Re: [PATCH] iio: trigger: sysfs: Disable irqs before calling iio_trigger_poll()

2020-08-13 Thread Lars-Peter Clausen

On 8/12/20 1:01 PM, Christian Eggers wrote:

Hi Lars

On Monday, 3 August 2020, 08:52:54 CEST, Lars-Peter Clausen wrote:

On 8/3/20 8:44 AM, Christian Eggers wrote:

...
is my patch sufficient, or would you prefer a different solution?

The code in normal upstream is correct, there is no need to patch it
since iio_sysfs_trigger_work() always runs with IRQs disabled.


Are you using a non-upstream kernel? Maybe a RT kernel?

I use v5.4.-rt

That explains it. Have a look at
0200-irqwork-push-most-work-into-softirq-context.patch.
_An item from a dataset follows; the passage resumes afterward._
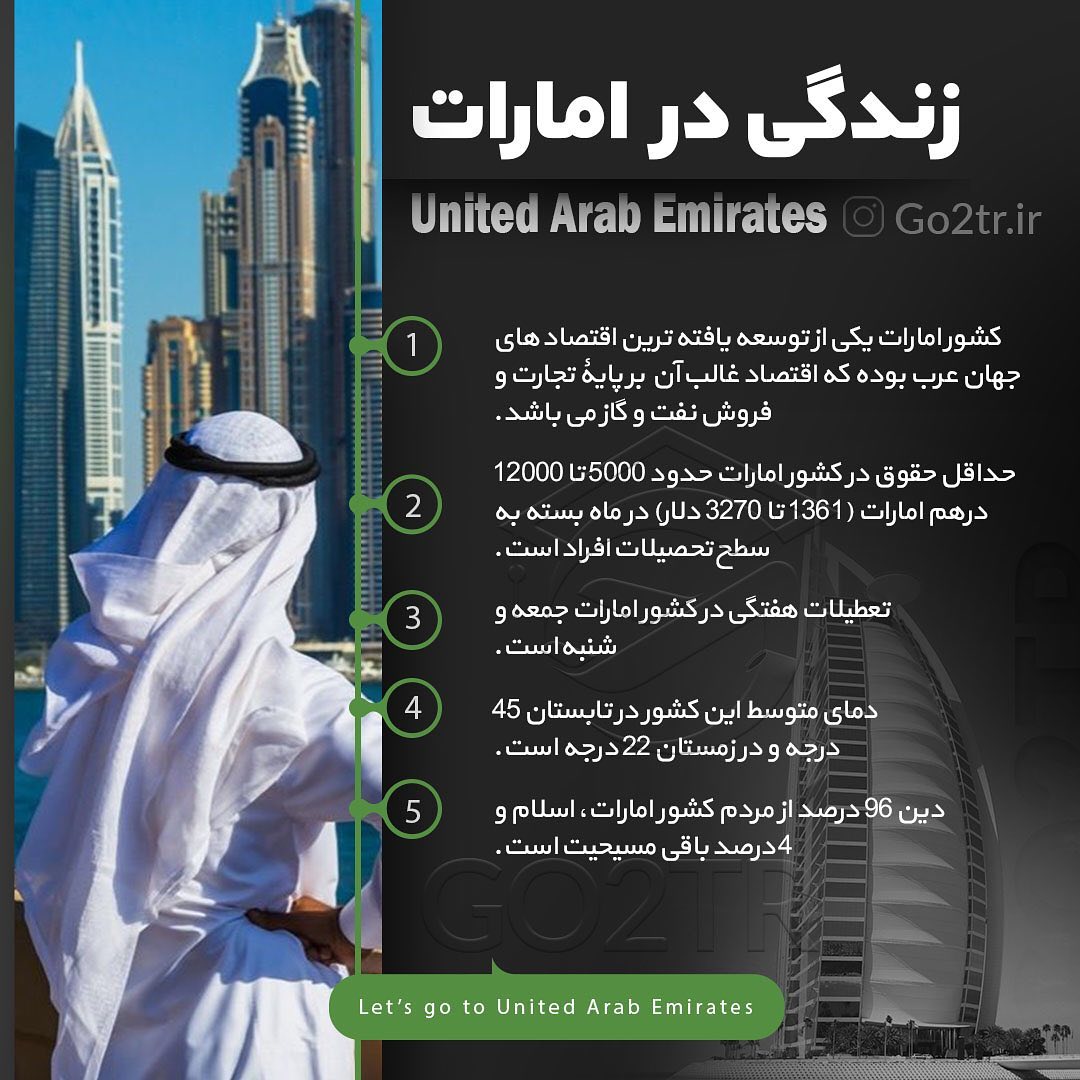 🇦🇪 چکیده اطلاعات در مورد کشور امارات ... . ‎برای دریافت مشاوره با شماره‌های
The right fix for this issue is to add the following snippet to the RT
patchset.

diff --git a/drivers/iio/trigger/iio-trig-sysfs.c
b/drivers/iio/trigger/iio-trig-sysfs.c
--- a/drivers/iio/trigger/iio-trig-sysfs.c
+++ b/drivers/iio/trigger/iio-trig-sysfs.c
@@ -161,6 +161,7 @@ static int iio_sysfs_trigger_probe(int id)
   iio_trigger_set_drvdata(t->trig, t);

   init_irq_work(&t->work, iio_sysfs_trigger_work);
+t->work.flags = IRQ_WORK_HARD_IRQ;

   ret = iio_trigger_register(t->trig);
   if (ret)

I can confirm that this works for iio-trig-sysfs on 5.4.54-rt32. Currently I
do not use iio-trig-hrtimer, but if I remember correctly, the problem was also
present there.


Similar story, I think. On mainline hrtimers run in hardirq mode by 
default, whereas in RT they run in softirq mode by default. So we 
haven't see the issue in mainline.


To fix this we need to explicitly specify that the IIO hrtimer always 
needs to run in hardirq mode by using the HRTIMER_MODE_REL_HARD flag. 
I'll send a patch.



Do you want to apply your patch for mainline? In contrast to v5.4,
IRQ_WORK_HARD_IRQ is already available there (moved to smp_types.h).
Unfortunately I cannot test it on mainline for now, as my BSP stuff is not
ported yet.


Sounds like a plan :)



Re: [PATCH] iio: trigger: sysfs: Disable irqs before calling iio_trigger_poll()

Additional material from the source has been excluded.